On 4 November 2015 at 7:36 PM, FingersCrossed said:

Hi everyone

First time user of this forum and firstly this is a fantastic place to get awesome information. I have started my immigration process (190 Skilled nominated visa) with a respected agent to Australia last week and I am busy doing my RPL and getting documentation together. While I have been doing this, I have been spending a bit of time reading through this forum and I wanted to get an opinion please.

Currently, I contribute to 2 RA's which I started around 3 years ago and have under R 150 K collectively in them. I am concerned with the process of cancelling these policies should I move to Australia and the costs involved and I am thinking of cancelling them and placing the monthly installments in a 30 day savings account. I know that I wont be able to access the money that is saved in the RA's already until I have formally moved over and got a tax clearance certificate, however I don't know if I should continue to contribute to them if it is just going to cost me more money when I cancel them as their values will grow.

I know I should probably wait for my visa to be approved and come through - however if that doesn't happen then I could always start a new RA and contribute the money I have saved as a lump sump.

What do you guys think?

Thanks in Advance

Brad

 

Brad. Doing most things prematurely before getting an Australian visa isn't the smartest way to go, usually. Personally, I'd leave all your savings, pension accounts or other financial accounts as they are. Once you've got the visa, you can then proceed to switch them into an account which allows you to get your hands on your money and bring it with you to Australia.
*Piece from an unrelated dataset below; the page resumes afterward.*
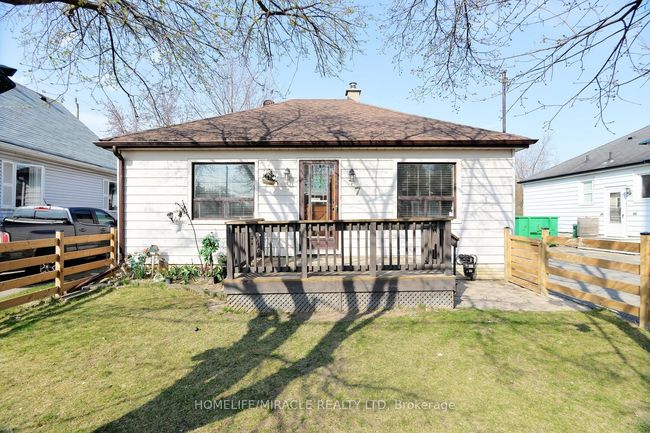 7 Sophia St, House other with 3 bedrooms, 2 bathrooms and 4 parking in Brampton ON | Image 5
I have a South African mate who is now retired. Unfortunately, he took early retirement before contemplating coming out to Australia to join his three kids here.

His pension fund is frozen now in South Africa.

When he arrived five years ago, he was looking at retiring on A$40 000 a year . . . . a modest income for a retired person in Australia.

The Rand has now dropped from 7 to 11 for an Australian dollar, so his $40 a year is now more like $25. He is battling financially like a lot of other older South Africans I've come to know.

In his case, he can't access the Australian old age pension until he's live a full ten years here, so he has five more years to go with a depreciating income. It is a worry for him, I believe.

So much for leaving funds in South Africa and not repatriating them to Australia.